Task to carry out:
Find the word "Mercedes" in the records and copy every line where it occurs.

Dataset entries:

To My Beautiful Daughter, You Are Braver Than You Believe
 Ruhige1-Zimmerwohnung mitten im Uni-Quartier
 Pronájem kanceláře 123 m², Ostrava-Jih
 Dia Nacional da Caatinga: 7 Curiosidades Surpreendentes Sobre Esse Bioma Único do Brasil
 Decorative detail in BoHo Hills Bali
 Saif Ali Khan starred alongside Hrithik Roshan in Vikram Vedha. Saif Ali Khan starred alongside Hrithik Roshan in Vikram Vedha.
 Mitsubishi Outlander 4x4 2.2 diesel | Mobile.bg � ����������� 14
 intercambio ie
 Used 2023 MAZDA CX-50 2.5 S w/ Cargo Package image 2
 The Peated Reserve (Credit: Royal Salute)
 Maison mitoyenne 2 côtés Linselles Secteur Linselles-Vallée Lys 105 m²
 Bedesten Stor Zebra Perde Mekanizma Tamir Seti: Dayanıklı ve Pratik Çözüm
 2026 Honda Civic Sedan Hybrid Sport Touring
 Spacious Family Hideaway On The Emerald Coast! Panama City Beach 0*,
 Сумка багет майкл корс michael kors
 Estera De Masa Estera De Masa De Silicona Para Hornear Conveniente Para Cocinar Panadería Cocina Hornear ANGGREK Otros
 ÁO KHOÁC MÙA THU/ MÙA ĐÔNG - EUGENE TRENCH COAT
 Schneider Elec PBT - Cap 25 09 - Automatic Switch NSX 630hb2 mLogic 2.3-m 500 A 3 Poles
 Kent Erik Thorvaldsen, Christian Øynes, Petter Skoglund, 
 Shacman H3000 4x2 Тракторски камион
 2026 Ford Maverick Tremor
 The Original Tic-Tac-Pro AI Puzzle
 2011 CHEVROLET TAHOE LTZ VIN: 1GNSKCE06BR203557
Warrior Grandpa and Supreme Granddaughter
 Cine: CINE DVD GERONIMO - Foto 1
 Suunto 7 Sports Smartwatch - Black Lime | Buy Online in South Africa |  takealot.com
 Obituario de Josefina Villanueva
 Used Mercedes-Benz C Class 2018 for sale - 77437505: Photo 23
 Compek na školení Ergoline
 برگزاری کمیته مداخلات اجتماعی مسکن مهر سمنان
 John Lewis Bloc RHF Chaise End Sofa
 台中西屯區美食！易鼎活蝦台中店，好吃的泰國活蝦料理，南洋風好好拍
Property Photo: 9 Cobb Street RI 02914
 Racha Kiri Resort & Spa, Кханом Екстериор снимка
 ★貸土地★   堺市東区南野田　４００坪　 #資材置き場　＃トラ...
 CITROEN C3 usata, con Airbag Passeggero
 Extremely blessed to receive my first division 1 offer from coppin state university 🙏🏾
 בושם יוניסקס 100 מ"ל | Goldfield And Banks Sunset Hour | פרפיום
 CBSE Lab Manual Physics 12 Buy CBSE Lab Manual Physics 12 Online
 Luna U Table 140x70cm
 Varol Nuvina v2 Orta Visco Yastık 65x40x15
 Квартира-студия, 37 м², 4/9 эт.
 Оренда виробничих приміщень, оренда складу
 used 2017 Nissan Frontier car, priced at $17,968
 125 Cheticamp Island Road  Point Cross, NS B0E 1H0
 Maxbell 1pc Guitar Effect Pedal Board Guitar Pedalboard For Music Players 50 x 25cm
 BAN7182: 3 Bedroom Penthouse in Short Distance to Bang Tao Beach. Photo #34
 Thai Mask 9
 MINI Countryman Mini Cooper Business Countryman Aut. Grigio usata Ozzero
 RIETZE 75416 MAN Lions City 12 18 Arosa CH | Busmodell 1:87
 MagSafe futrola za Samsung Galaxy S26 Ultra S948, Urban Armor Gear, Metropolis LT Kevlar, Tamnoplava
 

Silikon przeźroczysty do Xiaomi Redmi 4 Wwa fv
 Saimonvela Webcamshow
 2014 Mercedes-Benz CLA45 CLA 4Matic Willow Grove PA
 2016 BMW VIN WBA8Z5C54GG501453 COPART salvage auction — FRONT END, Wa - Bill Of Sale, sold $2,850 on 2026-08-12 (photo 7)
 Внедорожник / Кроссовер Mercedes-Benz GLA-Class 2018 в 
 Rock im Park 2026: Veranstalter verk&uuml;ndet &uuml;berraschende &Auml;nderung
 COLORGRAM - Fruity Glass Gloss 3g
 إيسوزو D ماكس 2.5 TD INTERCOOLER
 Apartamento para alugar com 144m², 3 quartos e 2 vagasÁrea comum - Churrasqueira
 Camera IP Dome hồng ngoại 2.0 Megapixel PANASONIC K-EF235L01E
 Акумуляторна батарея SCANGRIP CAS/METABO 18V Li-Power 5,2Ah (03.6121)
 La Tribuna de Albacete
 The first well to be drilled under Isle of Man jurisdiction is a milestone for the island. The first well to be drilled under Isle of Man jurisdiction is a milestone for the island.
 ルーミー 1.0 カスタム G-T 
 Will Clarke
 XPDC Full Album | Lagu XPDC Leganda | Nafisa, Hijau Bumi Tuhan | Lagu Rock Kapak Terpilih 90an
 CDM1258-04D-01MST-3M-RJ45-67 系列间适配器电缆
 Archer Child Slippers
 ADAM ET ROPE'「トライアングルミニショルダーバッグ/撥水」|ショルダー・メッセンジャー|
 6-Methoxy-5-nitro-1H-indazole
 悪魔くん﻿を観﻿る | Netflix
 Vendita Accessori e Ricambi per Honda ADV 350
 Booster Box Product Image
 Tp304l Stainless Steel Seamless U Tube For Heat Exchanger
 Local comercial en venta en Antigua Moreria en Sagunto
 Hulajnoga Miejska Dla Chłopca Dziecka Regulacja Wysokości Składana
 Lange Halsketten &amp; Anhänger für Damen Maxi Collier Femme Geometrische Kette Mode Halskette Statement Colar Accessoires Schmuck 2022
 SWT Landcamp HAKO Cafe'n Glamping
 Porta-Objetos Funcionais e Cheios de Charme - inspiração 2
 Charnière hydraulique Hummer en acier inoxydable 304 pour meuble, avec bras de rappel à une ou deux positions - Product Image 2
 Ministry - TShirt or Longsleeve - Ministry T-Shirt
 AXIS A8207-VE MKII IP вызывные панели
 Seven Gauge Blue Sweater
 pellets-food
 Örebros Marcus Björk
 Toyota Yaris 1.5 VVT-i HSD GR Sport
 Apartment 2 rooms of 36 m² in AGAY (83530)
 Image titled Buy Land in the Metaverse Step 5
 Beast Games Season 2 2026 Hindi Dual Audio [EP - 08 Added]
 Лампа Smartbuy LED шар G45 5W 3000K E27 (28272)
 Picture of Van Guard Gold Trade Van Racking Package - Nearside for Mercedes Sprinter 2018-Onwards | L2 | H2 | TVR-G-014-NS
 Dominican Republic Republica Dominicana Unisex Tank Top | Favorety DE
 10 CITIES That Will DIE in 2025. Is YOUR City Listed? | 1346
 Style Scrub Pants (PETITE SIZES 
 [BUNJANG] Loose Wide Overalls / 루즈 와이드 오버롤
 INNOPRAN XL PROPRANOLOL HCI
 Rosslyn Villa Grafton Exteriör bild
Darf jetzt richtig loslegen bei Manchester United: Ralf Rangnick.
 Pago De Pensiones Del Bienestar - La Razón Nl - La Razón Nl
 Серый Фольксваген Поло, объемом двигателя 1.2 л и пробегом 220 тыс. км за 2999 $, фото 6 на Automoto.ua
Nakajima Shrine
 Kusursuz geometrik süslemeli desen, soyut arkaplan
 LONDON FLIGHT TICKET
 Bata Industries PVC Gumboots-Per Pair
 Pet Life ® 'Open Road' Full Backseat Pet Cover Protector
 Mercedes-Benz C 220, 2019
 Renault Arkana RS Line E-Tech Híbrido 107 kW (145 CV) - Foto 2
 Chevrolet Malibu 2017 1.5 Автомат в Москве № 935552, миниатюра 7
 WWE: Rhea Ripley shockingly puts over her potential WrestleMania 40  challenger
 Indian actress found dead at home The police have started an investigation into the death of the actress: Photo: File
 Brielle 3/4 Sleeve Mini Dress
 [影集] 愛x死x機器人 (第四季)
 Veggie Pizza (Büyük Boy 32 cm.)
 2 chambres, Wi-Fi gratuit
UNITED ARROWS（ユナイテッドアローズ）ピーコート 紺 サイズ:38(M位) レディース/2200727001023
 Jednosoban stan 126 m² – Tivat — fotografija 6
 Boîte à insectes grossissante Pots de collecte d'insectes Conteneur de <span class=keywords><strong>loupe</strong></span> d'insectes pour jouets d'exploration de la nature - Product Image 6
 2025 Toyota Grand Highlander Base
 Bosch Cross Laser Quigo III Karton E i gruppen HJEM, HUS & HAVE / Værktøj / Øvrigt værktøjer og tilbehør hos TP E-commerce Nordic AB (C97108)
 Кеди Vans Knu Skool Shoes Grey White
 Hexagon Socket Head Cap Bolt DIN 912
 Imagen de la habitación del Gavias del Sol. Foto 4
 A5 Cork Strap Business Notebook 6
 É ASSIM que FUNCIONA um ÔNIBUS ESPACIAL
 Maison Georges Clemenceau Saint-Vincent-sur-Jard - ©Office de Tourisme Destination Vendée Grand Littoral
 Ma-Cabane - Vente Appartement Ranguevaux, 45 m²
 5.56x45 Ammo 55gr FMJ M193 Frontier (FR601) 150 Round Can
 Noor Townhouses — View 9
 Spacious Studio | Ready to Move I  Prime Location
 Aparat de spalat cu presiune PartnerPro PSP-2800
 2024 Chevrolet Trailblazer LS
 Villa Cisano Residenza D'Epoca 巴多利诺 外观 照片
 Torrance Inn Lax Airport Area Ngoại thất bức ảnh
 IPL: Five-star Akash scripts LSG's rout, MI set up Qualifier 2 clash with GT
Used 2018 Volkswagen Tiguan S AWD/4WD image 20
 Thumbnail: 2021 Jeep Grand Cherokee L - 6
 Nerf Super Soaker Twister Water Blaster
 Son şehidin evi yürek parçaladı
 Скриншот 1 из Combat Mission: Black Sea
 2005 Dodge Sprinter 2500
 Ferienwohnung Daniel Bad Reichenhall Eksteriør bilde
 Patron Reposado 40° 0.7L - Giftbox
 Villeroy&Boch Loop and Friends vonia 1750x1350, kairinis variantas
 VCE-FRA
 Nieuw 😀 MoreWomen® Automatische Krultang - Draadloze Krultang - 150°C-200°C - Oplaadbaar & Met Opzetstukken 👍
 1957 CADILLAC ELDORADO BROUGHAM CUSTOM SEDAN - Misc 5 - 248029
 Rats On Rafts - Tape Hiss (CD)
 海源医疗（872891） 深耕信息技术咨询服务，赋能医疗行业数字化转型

Answer space:
 Used Mercedes-Benz C Class 2018 for sale - 77437505: Photo 23
 2014 Mercedes-Benz CLA45 CLA 4Matic Willow Grove PA
 Внедорожник / Кроссовер Mercedes-Benz GLA-Class 2018 в 
 Picture of Van Guard Gold Trade Van Racking Package - Nearside for Mercedes Sprinter 2018-Onwards | L2 | H2 | TVR-G-014-NS
 Mercedes-Benz C 220, 2019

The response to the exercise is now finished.